- [Task requirements]
I need the lines from the one holding "Bonprix Badmat badmat 50/90 cm" to the last line of the data below repeated exactly, both included, without pictures.

- [Records for the exercise]

┄┄┄┄┄┄┄┄┄┄

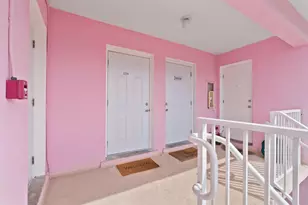 7500 SW 82nd St, Miami, FL 33143 - Photo 11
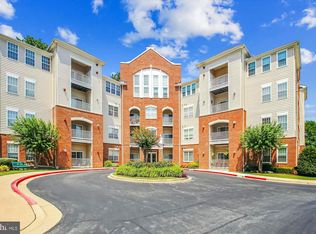 2610 Chapel Lake Dr APT 208, Gambrills, MD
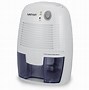 Image result for dehumidifiers for bathrooms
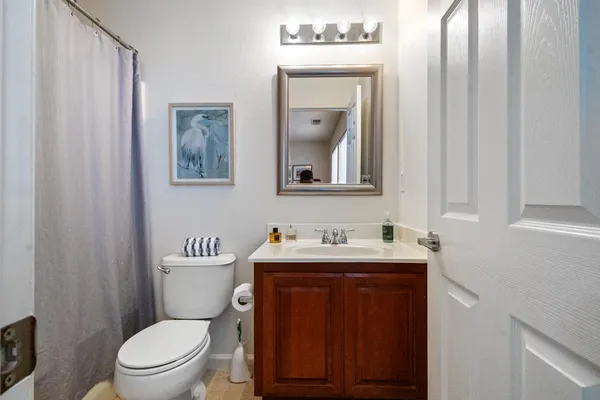 $610,500 | 1413 Villette Court, Modesto, CA 95356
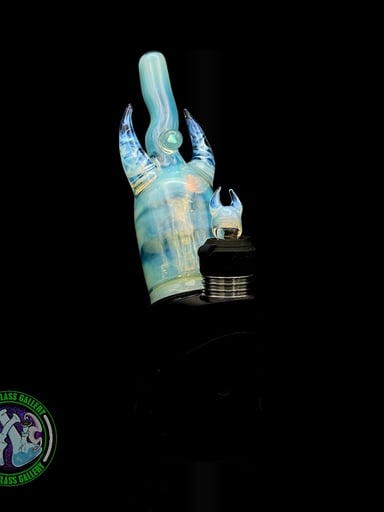 Preview pic of Magizle - Puffco Peak Attachment #1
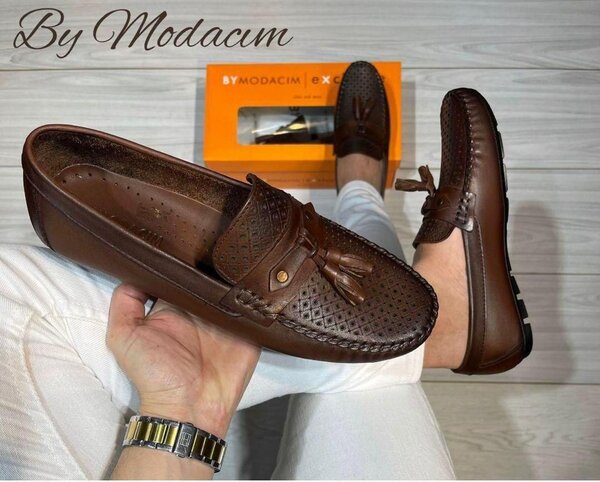 Chaussures de qualité supérieure sandal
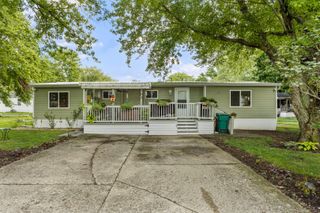250 Troy Lane, Decatur, IL 62526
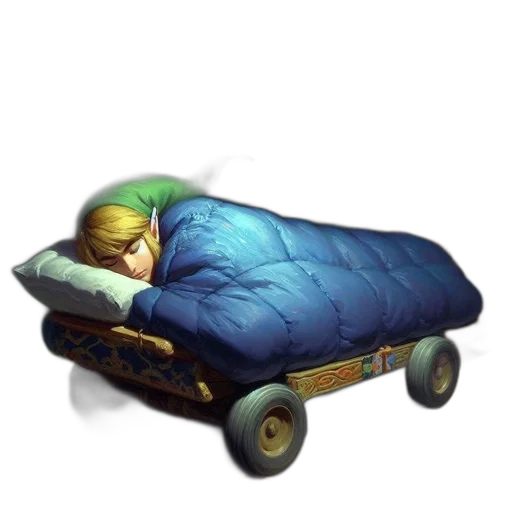car, jacket, furniture, robot transparent PNG cut-out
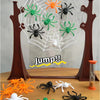 Jumping Spider Board Game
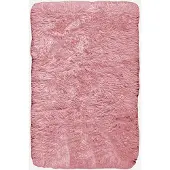 Bonprix Badmat badmat 50/90 cm
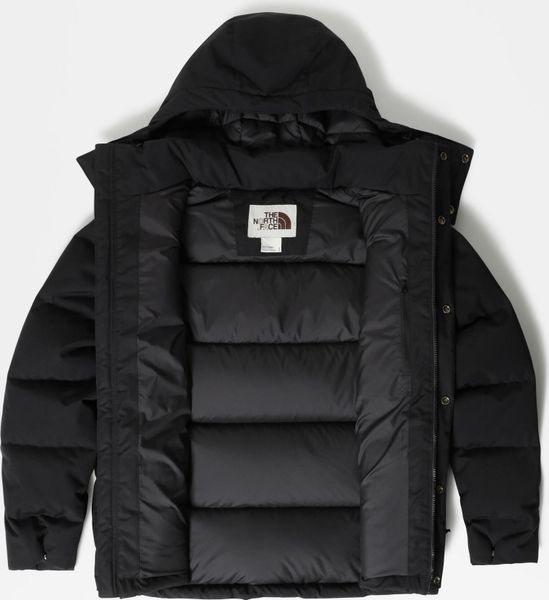 Men’s Box Canyon Jacket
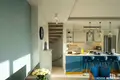 Квартира 4 комнаты 175 м² Kuyucak Mevkii, Турция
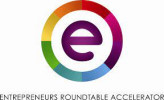 Entrepreneurs Roundtable Accelerator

┄┄┄┄┄┄┄┄┄┄

- [Answer to the exercise]
 Bonprix Badmat badmat 50/90 cm
 Men’s Box Canyon Jacket
 Квартира 4 комнаты 175 м² Kuyucak Mevkii, Турция
 Entrepreneurs Roundtable Accelerator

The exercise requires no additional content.